*** Data for this task

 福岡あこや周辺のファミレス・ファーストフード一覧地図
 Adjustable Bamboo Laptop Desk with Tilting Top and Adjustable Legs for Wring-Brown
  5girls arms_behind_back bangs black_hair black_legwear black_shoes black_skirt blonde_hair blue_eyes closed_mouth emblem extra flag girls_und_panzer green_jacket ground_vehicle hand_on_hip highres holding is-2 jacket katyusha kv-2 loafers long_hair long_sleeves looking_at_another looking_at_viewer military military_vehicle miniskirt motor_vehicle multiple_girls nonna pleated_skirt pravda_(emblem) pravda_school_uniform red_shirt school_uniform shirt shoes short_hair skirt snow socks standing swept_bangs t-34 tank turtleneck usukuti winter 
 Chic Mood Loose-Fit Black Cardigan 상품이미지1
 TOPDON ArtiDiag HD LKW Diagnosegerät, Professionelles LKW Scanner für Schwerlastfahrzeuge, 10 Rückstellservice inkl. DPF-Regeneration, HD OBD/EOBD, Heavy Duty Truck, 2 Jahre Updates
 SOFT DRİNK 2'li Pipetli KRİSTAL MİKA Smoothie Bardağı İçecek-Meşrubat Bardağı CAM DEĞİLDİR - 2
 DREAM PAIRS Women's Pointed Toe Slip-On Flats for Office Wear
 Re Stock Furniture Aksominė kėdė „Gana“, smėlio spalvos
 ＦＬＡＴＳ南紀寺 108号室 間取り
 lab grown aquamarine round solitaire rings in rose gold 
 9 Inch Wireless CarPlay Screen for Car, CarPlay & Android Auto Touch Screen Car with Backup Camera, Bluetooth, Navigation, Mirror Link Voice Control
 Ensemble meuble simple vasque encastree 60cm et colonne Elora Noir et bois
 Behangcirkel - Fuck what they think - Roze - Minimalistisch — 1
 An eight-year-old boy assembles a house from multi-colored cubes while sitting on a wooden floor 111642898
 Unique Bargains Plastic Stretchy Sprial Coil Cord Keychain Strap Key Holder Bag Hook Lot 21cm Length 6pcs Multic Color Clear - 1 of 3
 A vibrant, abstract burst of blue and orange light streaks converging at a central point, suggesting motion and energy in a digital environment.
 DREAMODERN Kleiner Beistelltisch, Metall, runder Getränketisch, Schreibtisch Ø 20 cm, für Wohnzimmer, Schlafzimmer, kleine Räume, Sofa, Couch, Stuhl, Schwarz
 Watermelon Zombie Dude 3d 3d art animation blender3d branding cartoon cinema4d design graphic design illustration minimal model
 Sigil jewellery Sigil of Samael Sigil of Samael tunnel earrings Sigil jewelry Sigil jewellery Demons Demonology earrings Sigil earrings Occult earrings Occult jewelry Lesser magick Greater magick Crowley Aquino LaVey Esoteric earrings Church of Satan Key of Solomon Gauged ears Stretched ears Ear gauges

******

**Exercise objective:**
Look back at the entries above. Retype the line with "DREAM PAIRS Women's", the line with "An eight-year-old boy", and all lines in between.

**Answer to this exercise:**
 DREAM PAIRS Women's Pointed Toe Slip-On Flats for Office Wear
 Re Stock Furniture Aksominė kėdė „Gana“, smėlio spalvos
 ＦＬＡＴＳ南紀寺 108号室 間取り
 lab grown aquamarine round solitaire rings in rose gold 
 9 Inch Wireless CarPlay Screen for Car, CarPlay & Android Auto Touch Screen Car with Backup Camera, Bluetooth, Navigation, Mirror Link Voice Control
 Ensemble meuble simple vasque encastree 60cm et colonne Elora Noir et bois
 Behangcirkel - Fuck what they think - Roze - Minimalistisch — 1
 An eight-year-old boy assembles a house from multi-colored cubes while sitting on a wooden floor 111642898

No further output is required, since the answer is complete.